Netflix’s foray into original programming is exciting. It’s just like AMC Networks Inc (NASDAQ:AMCX) all over again. The vast majority of thrilling programming is in the 100 hour cable television program. This type of programming is pure gold for Netflix, but original programming is not cheap to produce. Netflix will spend $3.8 to $4 million per episode. This is high, but Netflix will have $0 marketing cost to push their original programming—they’ll will use algorithms and big data to find an audience for their original programs.

The Netflix original program, House of Cards is undoubtedly the first of many original shows that will take Netflix to another level. With Hemlock Grove and Orange is the New Black in the pipeline, Netflix is positioned to become the place for stellar original programming. Netflix will have exclusivity of their original shows for four years. Once that time has elapsed Netflix and show producers can then re-sell the content to linear cable channels.

Must See TV

Not many broadcast or cable systems will make this kind of a commitment—producing original scripted programming. Those that do, such as AMC or Starz (NASDAQ:STRZA), have been rewarded. Breaking Bad, Mad Men and Spartacus have seen excellent returns on investments for AMC and Starz (NASDAQ:STRZA). AMC has hit pay dirt by simply telling a good story. Meth cooks, zombies and Don Draper—no wonder AMC’s price target is $75 a share. Even the History Channel has followed suit with its hit show, Vikings.
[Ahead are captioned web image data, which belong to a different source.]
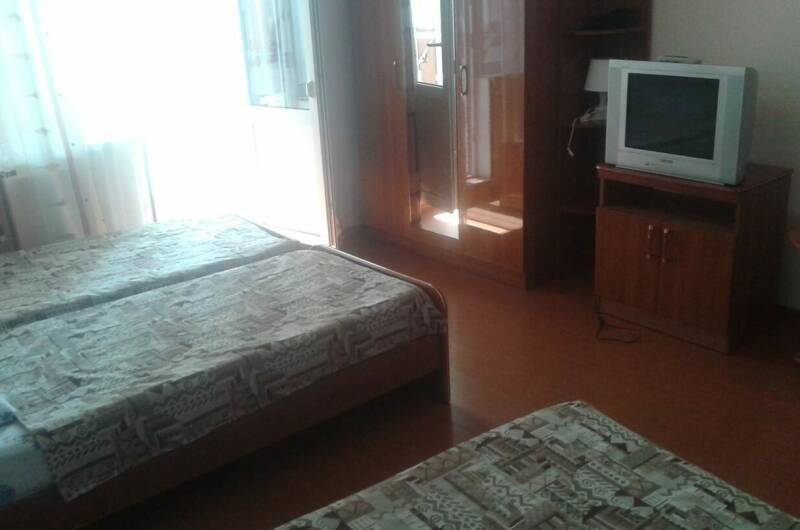 Двухкомнатная квартира на Победы 124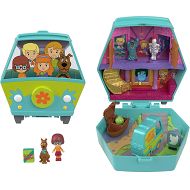 Polly Pocket  Scooby Doo Zestaw kompaktowy JKC85
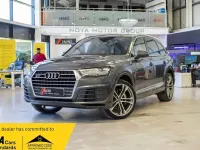 Used Audi Q7 S-Line 272 HP (200 kW) 2018 SUV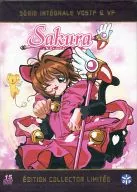 Sakura CARD CAPTOR SERIE INTEGRALE VOSTF＆VF EDITION COLLECTOR LIMITEE [輸入盤]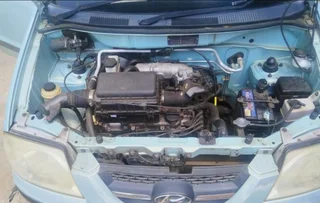 2008 Hyundai Atos Hatchback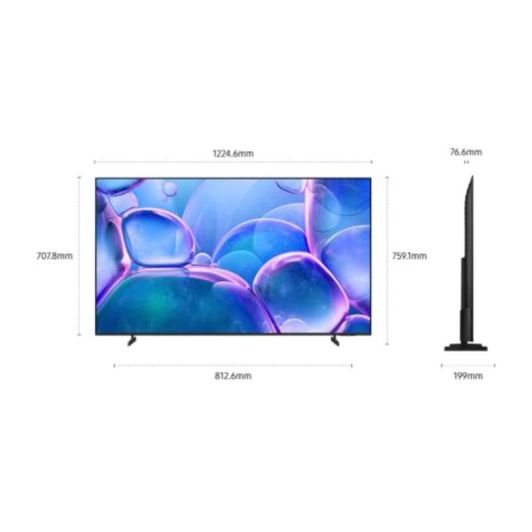 TV UHD 4K 55'' SAMSUNG 55CU7025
Netflix wants some of that action, and with their bankroll and customer base Netflix will get that action.

As Netflix continues to take audiences from traditional television to online entertainment, profits are likely to soar. Helping boost Netflix stock are the continuing high cable and dish subscriber fees coupled with the consumers changing taste. Not to mention Netflix has no real competition. No one sans Kim Dotcom seems to want to build a “for pay” online entertainment website these days. As Netflix continues to cut deals for content while producing high-quality, proprietary original programming, the Netflix stock—like its original programming, is certainly worth watching.